Couchbase
  • Why NoSQL?
  • Couchbase Server
  • Download
  • Resources
  • Careers
Home | Forums | Membase | Membase Server 1.6.x

Rebalance couldn't succeed

18 replies [Last post]
  • Login or register to post comments
Fri, 12/10/2010 - 15:16
azreal
Offline
Joined: 12/10/2010
Groups: None

 Hi, 

    I created a small cluster of three servers using the lastest version of Membase server. 

    Each server has the same hardware with 2GB memory and single core of 2GHZ. 

    Test: I was able to write 10gb data (100000 files of 10KB) into the cluster. I assign 80% as the quota and only write to a single membase bucket.

             After that, I add a new server with the same config and trying to rebalance. I could never get pass it and and from the UI I found some of the data, about 1% is lost)

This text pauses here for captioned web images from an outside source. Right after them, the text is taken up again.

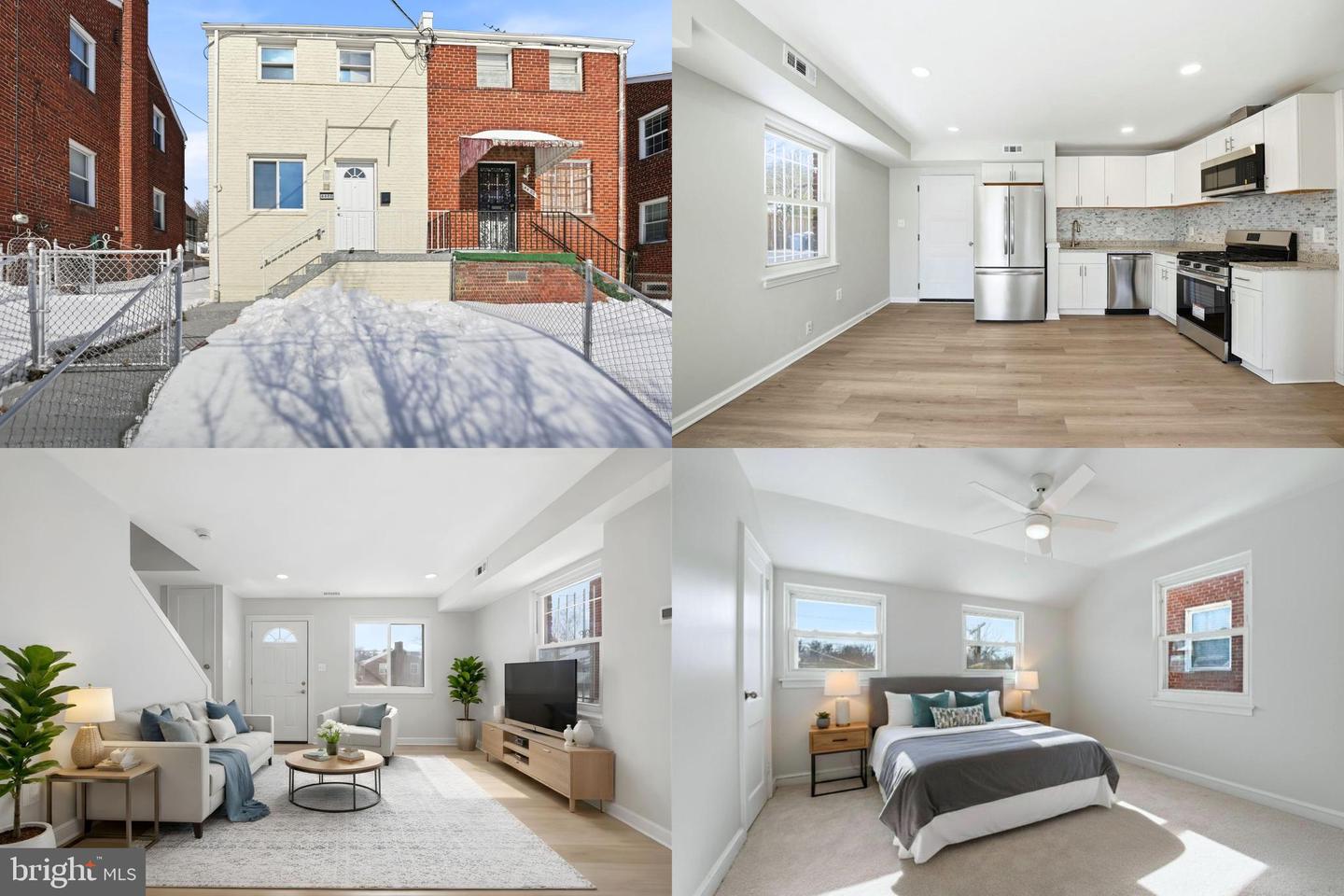 4400 DUBOIS PL SE, WASHINGTON, District Of Columbia 20019, 4 Bedrooms Bedrooms, ,2 BathroomsBathrooms,Residential,For sale,4400 DUBOIS PL SE,DCDC2242826 MLS # DCDC2242826 4400 DUBOIS PL SE, WASHINGTON, District Of Columbia 20019, 4 Bedrooms Bedrooms, ,2 BathroomsBathrooms,Residential,For sale,4400 DUBOIS PL SE,DCDC2242826 MLS # DCDC2242826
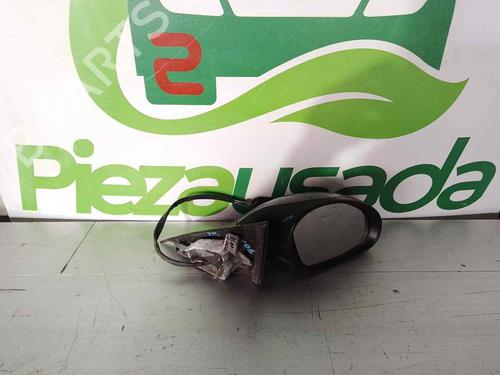 right-mirror-seat-cordoba-6l2-2002-2003-2004-2005-2006-2007-2008-2009-28467352 main image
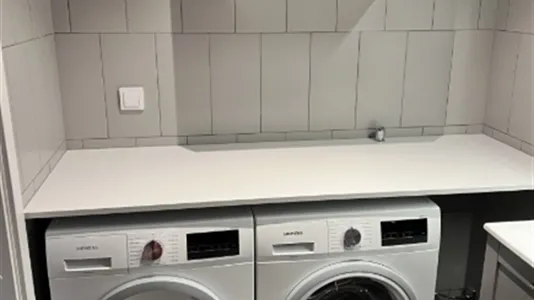 Apartments in Askim-Frölunda-Högsbo - photo 8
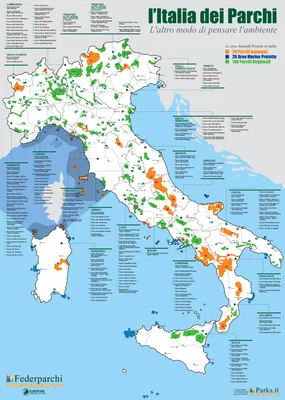 Large flag map of Italy | Italy | Europe | Mapsland | Maps of the World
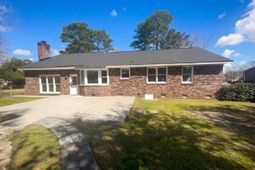 162 Mellard Drive photo 4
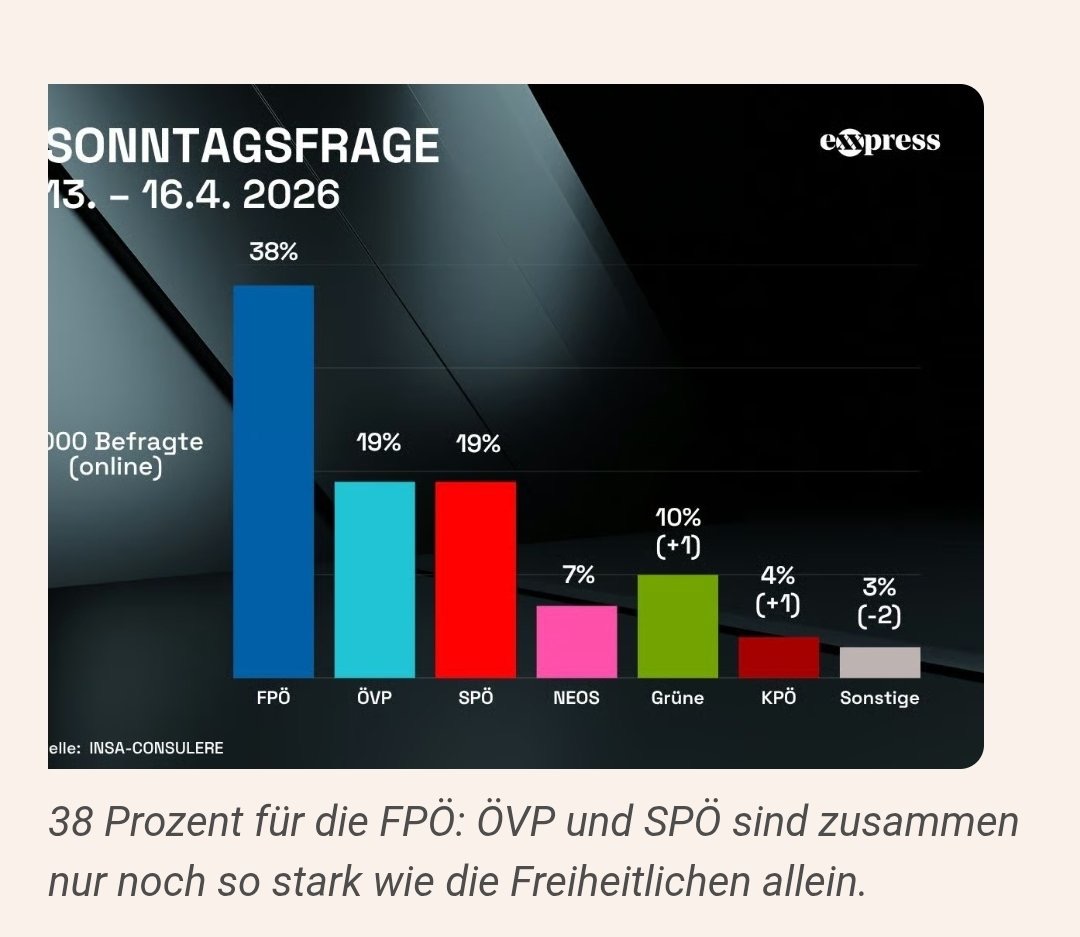 Ewi Maurer tweet media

    Question: I was only able to rebalance if I remove the fourth server. I'm wondering if I have done something wrong. Do I need more memory to rebalance. Please suggest. 

 

Thanks,

Bin

Top
  • Login or register to post comments
Fri, 12/10/2010 - 15:59
bhawana@membase
Offline
Joined: 10/29/2010
Groups: None

Hi Bin,

 

You most likely need more memory. If you give me the following details I can explain how you should size your cluster for everything to work smoothly:

 

size of keys

size of values

number of keys

number of replicas

 

Thanks

Bhawana

 

__________________

Forum support is great for free but sometimes you need a guaranteed response time and dedicated resources for your questions or issues.
Consider purchasing enterprise-level support from Membase: http://www.membase.com/products-and-services/overview
Call or email "sales -at- membase -dot- com" today!

Top
  • Login or register to post comments
Fri, 12/10/2010 - 16:06
azreal
Offline
Joined: 12/10/2010
Groups: None

size of keys: less than 16 bytes

size of values: 10kb

number of keys: 100K

number of replicas: 1

 

Thanks

Top
  • Login or register to post comments
Mon, 12/13/2010 - 11:05
bhawana@membase
Offline
Joined: 10/29/2010
Groups: None

 

azreal,

You have about 2 GB of data that you wrote, which is not much for Membase provided that other programs have enough memory to run and the system is not paging too much . What operating system are you on? How much memory is recommended by your operating system?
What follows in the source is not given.